Exam 14: Oscillations

A Christmas ornament made from a thin hollow glass sphere hangs from a small hook at its surface. It is observed to oscillate with a frequency of 2.50 Hz in a city where g = 9.80 m/s². What is the radius of the ornament? The moment of inertia of a hollow sphere of mass M and radius R about a point on its edge is 5MR²/3.

A pendulum of length L is suspended from the ceiling of an elevator. When the elevator is at rest the period of the pendulum is T. How does the period of the pendulum change when the elevator moves upward with constant acceleration?

An object is attached to a vertical spring and bobs up and down between points A and B. Where is the object located when its kinetic energy is a maximum?

If the angular frequency of the motion of a simple harmonic oscillator is doubled, by what factor does the maximum acceleration of the oscillator change?

On the Moon, the acceleration of gravity is g/6. If a pendulum has a period T on Earth, what will its period be on the Moon?

If your heart is beating at 76.0 beats per minute, what is the frequency of your heart's oscillations in hertz?

A ball vibrates back and forth from the free end of an ideal spring having a force constant (spring constant) of 20 N/m. If the amplitude of this motion is 0.30 m, what is the kinetic energy of the ball when it is 0.30 m from its equilibrium position?

The position of an air-track cart that is oscillating on a spring is given by the equation x = (12.4 cm) cos[(6.35 s^-1)t]. At what value of t after t = 0.00 s is the cart first located at x = 8.47 cm?

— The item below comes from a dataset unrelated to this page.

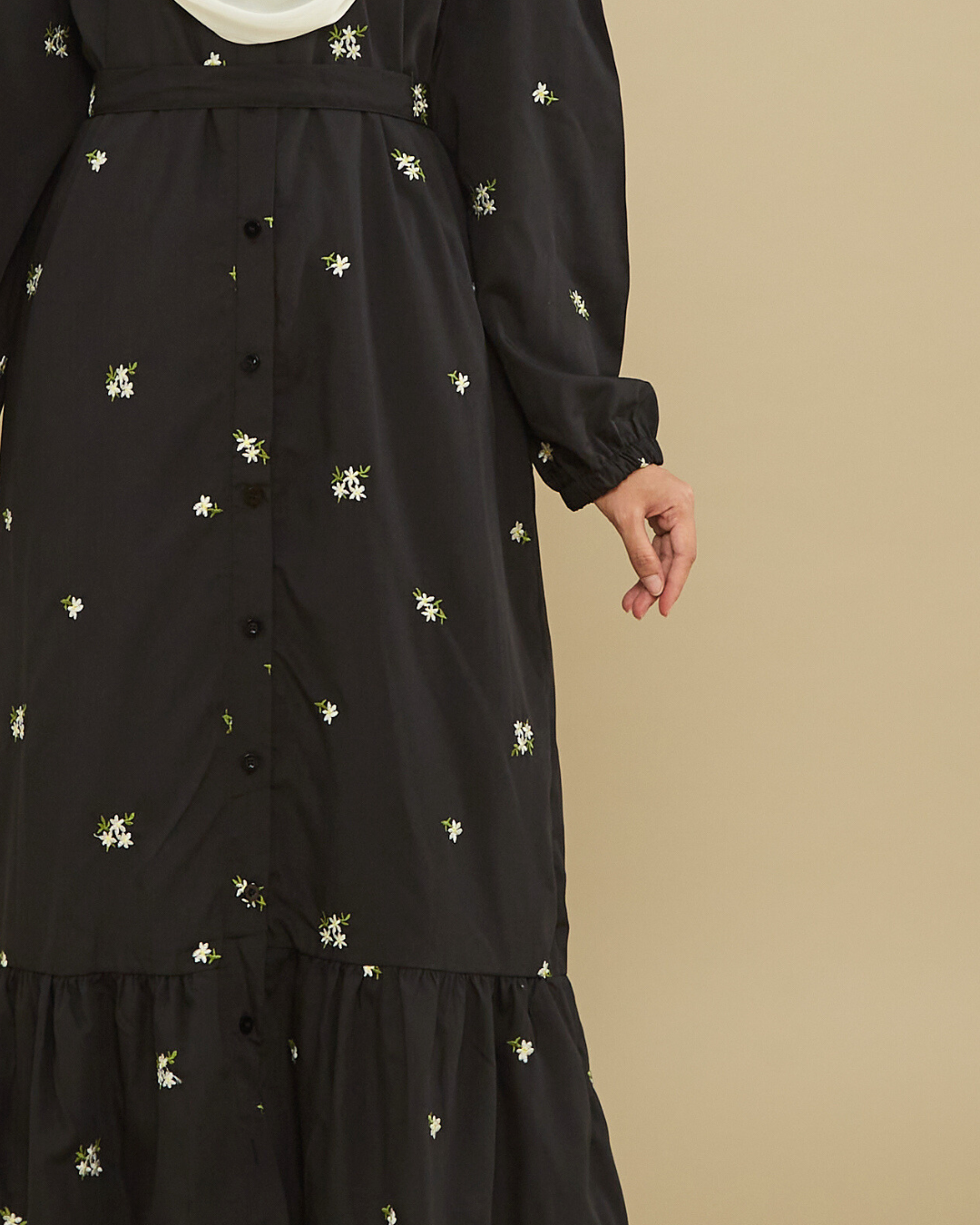 Naeema Embroidery Dress - Black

A spaceship captain lands on an unknown planet. Before venturing forth, he needs to find out the acceleration due to gravity on that planet. All he has available to him is some thin light string, a stopwatch, and a small 2.75-kg metal ball (it was a rough landing). So he lets the ball swing from a 1.5-m length of the string, starting at rest, and measures that it takes 1.9 s for it to swing from the place where he released it to the place where it first stops as it reverses direction. What is the acceleration due to gravity on this planet?

The position of an object that is oscillating on an ideal spring is given by x = (17.4 cm) cos[(5.46 s^-1)t]. Write an expression for the acceleration of the particle as a function of time using the cosine function.

The figure shows a graph of the velocity v as a function of time t for a system undergoing simple harmonic motion. Which one of the following graphs represents the acceleration of this system as a function of time? a) b) c) d)

A simple pendulum having a bob of mass M has a period T. If you double M but change nothing else, what would be the new period?

When a certain simple pendulum is set swinging, its angular displacement θ as a function of time t obeys the equation θ = 8.5° cos(2.4 s^-1t). How long is the pendulum?

A 3.42-kg stone hanging vertically from an ideal spring on the earth undergoes simple harmonic motion at a place where g = 9.80 m/s². If the force constant (spring constant) of the spring is $12 \mathrm {~N} / \mathrm { m }$ find the period of oscillation of this setup on a planet where g = 1.60 m/s².

A guitar string is set into vibration with a frequency of 512 Hz. How many oscillations does it undergo each minute?

An air-track cart is attached to a spring and completes one oscillation every 5.67 s in simple harmonic motion. At time t = 0.00 s the cart is released at the position x = +0.250 m. What is the position of the cart when t = 29.6 s?

A ball is attached to an ideal spring and oscillates with a period T. If the mass of the ball is doubled, what is the new period?

A block attached to an ideal spring of force constant (spring constant) 15 N/m executes simple harmonic motion on a frictionless horizontal surface. At time t = 0 s, the block has a displacement of -0.90 m, a velocity of -0.80 m/s, and an acceleration of +2.9 m/s² . The mass of the block is closest to

As shown in the figure, a 0.23-kg ball is suspended from a string 6.87 m long and is pulled slightly to the left. As the ball swings through the lowest part of its motion it encounters a spring attached to the wall. The spring pushes against the ball and eventually the ball is returned to its original starting position. Find the time for one complete cycle of this motion if the spring constant (force constant) is $19 \mathrm {~N} / \mathrm { m }$ (Assume that once the pendulum ball hits the spring there is no effect due to the vertical movement of the ball.)

How much mass should be attached to a vertical ideal spring having a spring constant (force constant) of 39.5 N/m so that it will oscillate at 1.00 Hz?